- Film poster
- Directed by: Craig Moss
- Written by: Chad Israel; Emanuel Isler;
- Produced by: Sandra Siegal; Mark Benton Johnson;
- Starring: Callum Blue; Nadine Velazquez; Makenzie Moss; Erik LaRay Harvey;
- Cinematography: Paul Marschall
- Edited by: Josh Noyes
- Music by: Todd Haberman
- Production companies: Siegal Entertainment; MJ Films; Producer Capital Fund;
- Distributed by: Freestyle Releasing
- Release date: November 4, 2016;
- Running time: 90 minutes
- Country: United States
- Language: English

= The Charnel House (film) =

2016 film by Craig Moss

The Charnel House is a 2016 American supernatural horror dark fantasy film directed by Craig Moss and written by Chad Israel and Emanuel Isler. The film stars Callum Blue, Nadine Velazquez, Makenzie Moss, and Erik LaRay Harvey. It was released in theaters and on digital platforms on November 4, 2016, by Freestyle Releasing.

==Synopsis==
A long abandoned slaughterhouse is transformed into modern lofts in a re-gentrified urban neighborhood. Soon after tenants move in, they are tormented by a dark secret that has been trapped in the building for over 30 years.

==Cast==
- Callum Blue as Alex Reaves
- Nadine Velazquez as Charlotte Reaves
- Makenzie Moss as Mia Reaves
- Erik LaRay Harvey as Devin Pyles
- Alden Tab as Rupert
- Danielle Lauder as Emily Turner
- Andy Favreau as Jackson Davies
- Kate Linder as Aunt Rachel
- Neil Thackaberry as Blaine Cornish
- Joe Keery as Scott
- Patrick M. Walsh as Thomas Schect
- Neal Hodges as Devin's Father

==Production==
On June 30, 2015, it was announced that Callum Blue and Nadine Velazquez would star opposite Makenzie Moss and Erik LaRay Harvey in the film, with Craig Moss directing from a screenplay by Emanuel Isler and Chad Israel. Producers Sandra Siegal and Mark Benton Johnson re-teamed after working together previously on Miss Meadows. The music was composed by Todd Haberman.
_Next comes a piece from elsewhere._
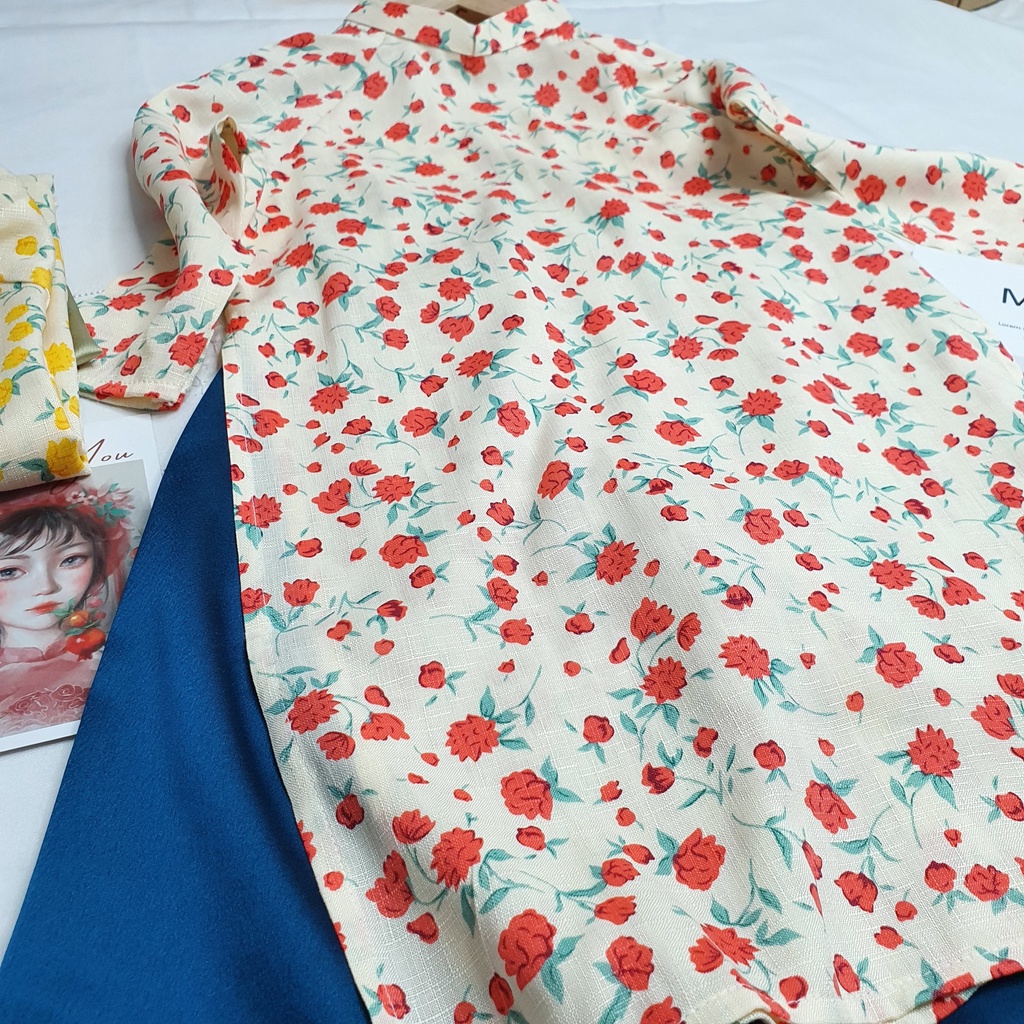 Set Áo Dài Hoa Nhí Cho Bé Gái Và Mẹ Hạ Vy Hoa Hồng Mon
The film was shot in Cleveland, Ohio in 18 days.

==Reception==

Noel Murray of the Los Angeles Times stated, "But while the cast is talented and the tone is classy, The Charnel House never develops any momentum. The movie puts fright on the back burner to tease out a mystery that proves to be too profoundly idiotic to be worth all the bother." Tom Keogh of The Seattle Times gave the film 2 stars out of 4 and observed that it "moves along fairly briskly, drawing on bits of inspiration from The Shining and Poltergeist, while adding an interesting twist to a doppelgänger theme." Maitland McDonagh of Film Journal International wrote, "The Charnel House doesn't break any conspicuously new ground, but the setting is distinctive and writers Emanuel Isler and Chad Israel make good use of the idea that the building's pervasive tech is also a portal to the kind of otherworldly things." Aaron B. Peterson of The Hollywood Outsider described the film as "an intriguing thriller with a novel concept, carried forward by a bold and focused performance from its lead."